Reviews: John Carter
Should never have left the drawing board
I don’t know much about the original Princess of Mars, besides its status as a grandfather of nearly all modern sci-fi (or at least soft “mythical” sci-fi). I’m sure it can adapted into a good film, but John Carter is not that adaptation, and I absolutely hated the final product. Firstly, there is John Carter himself, who has to be one of the least sympathetic protagonists in cinematic history. He enters the story as a drunken, violent, unhelpful dullard, and doesn’t change much throughout the film. He is unwilling to take part in the war and other events around him because he wants to get home, but the film never establishes anything worthwhile he has to come back to, and so there is no attachment to his quest. Director even thoroughly ruins a major fight scene where he single-handedly dispatches 50-100 Tharks (or whatever their name is) by intercutting it with flashback of him burying his wife and daughter.
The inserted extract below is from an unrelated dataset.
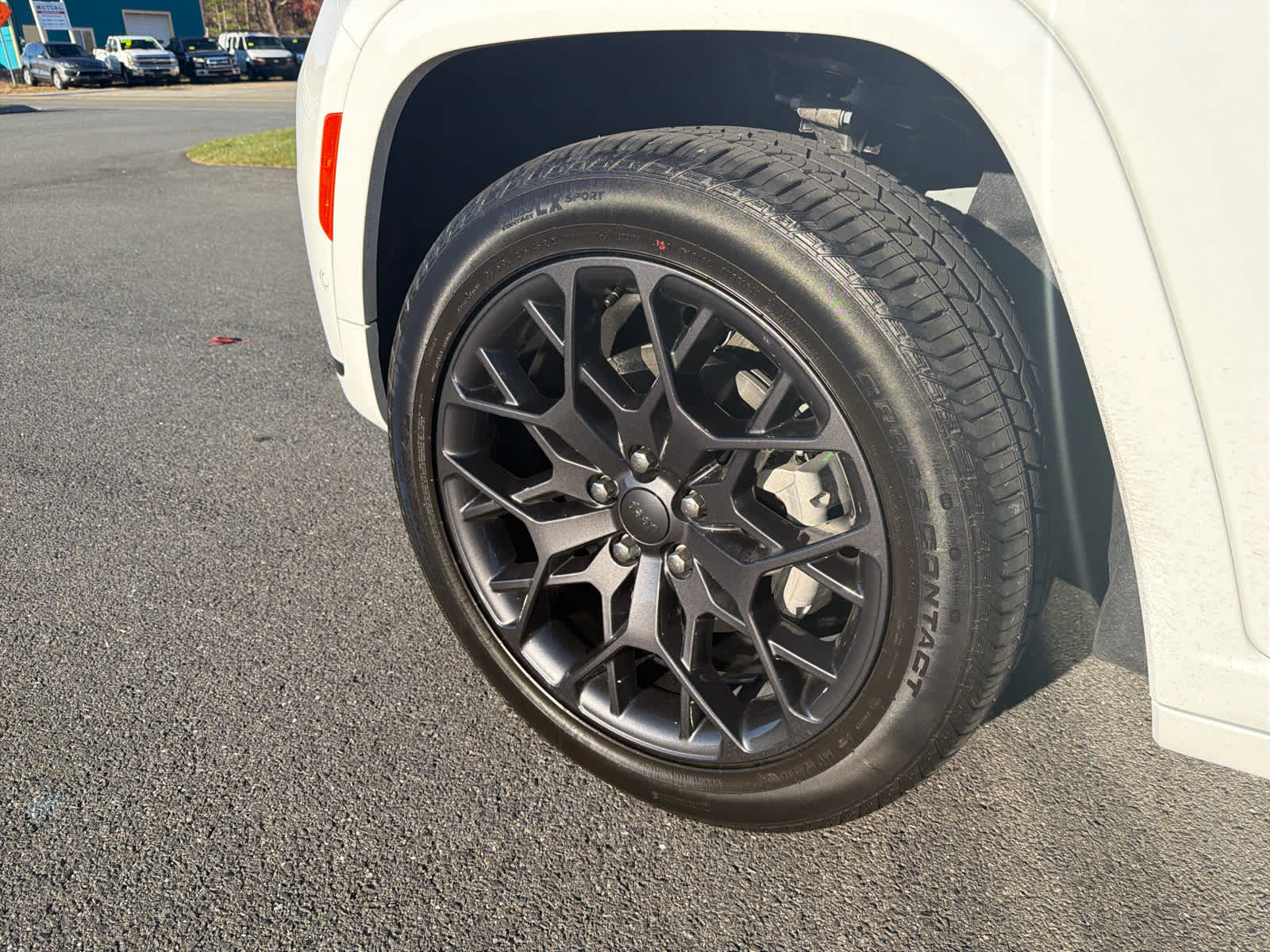 2025 Jeep Grand Cherokee L Summit photo 4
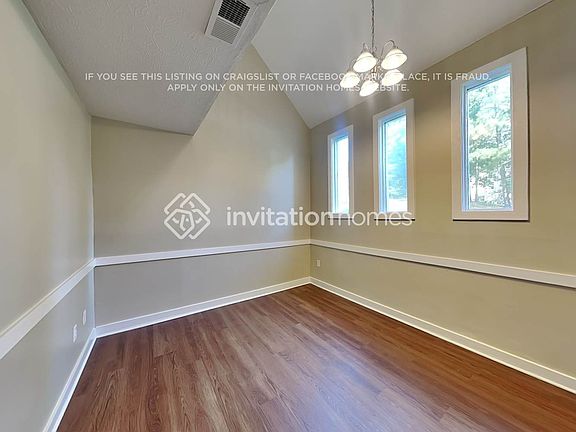 4th image of 6589 Oakwood Dr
This has zero impact because they’re hardly even mentioned before, much less shown on-screen or get any lines in flashbacks that would foster attachment. To be fair, there wasn’t really much to ruin. Even with good cinematography, it would've still been a battle with thugs we never heard of before that come practically out of nowhere, thus lacking dramatic impact. The major fight scenes against known antagonists are just as dull and unengaging, lacking even basic choreography: nobody even bothers to block when fighting in melee. In the absence of good action and interesting protagonist, the film has to support itself through secondary characters and overarching plot, and it fails there as well. The Princess of Mars herself is mainly reduced to delivering exposition and lacks screen presence, their romance lacking all chemistry. Thark allies are two-dimensional: primary villain does get greater depth, but only through tortured attempts at moral ambiguity that ultimately come to naught because of Therns. Their villainy is the worst of both worlds: they have thoughtful, non-menacing manner befitting stories with White and Grey Morality, yet their goals are no deeper than “destroy the world… slowly”. The final nail in film’s coffin are the over-long, tremendously annoying scenes with alien babies and the unapologetic Mighty Whitey overtones that make Avatar seem like Mississippi Burning.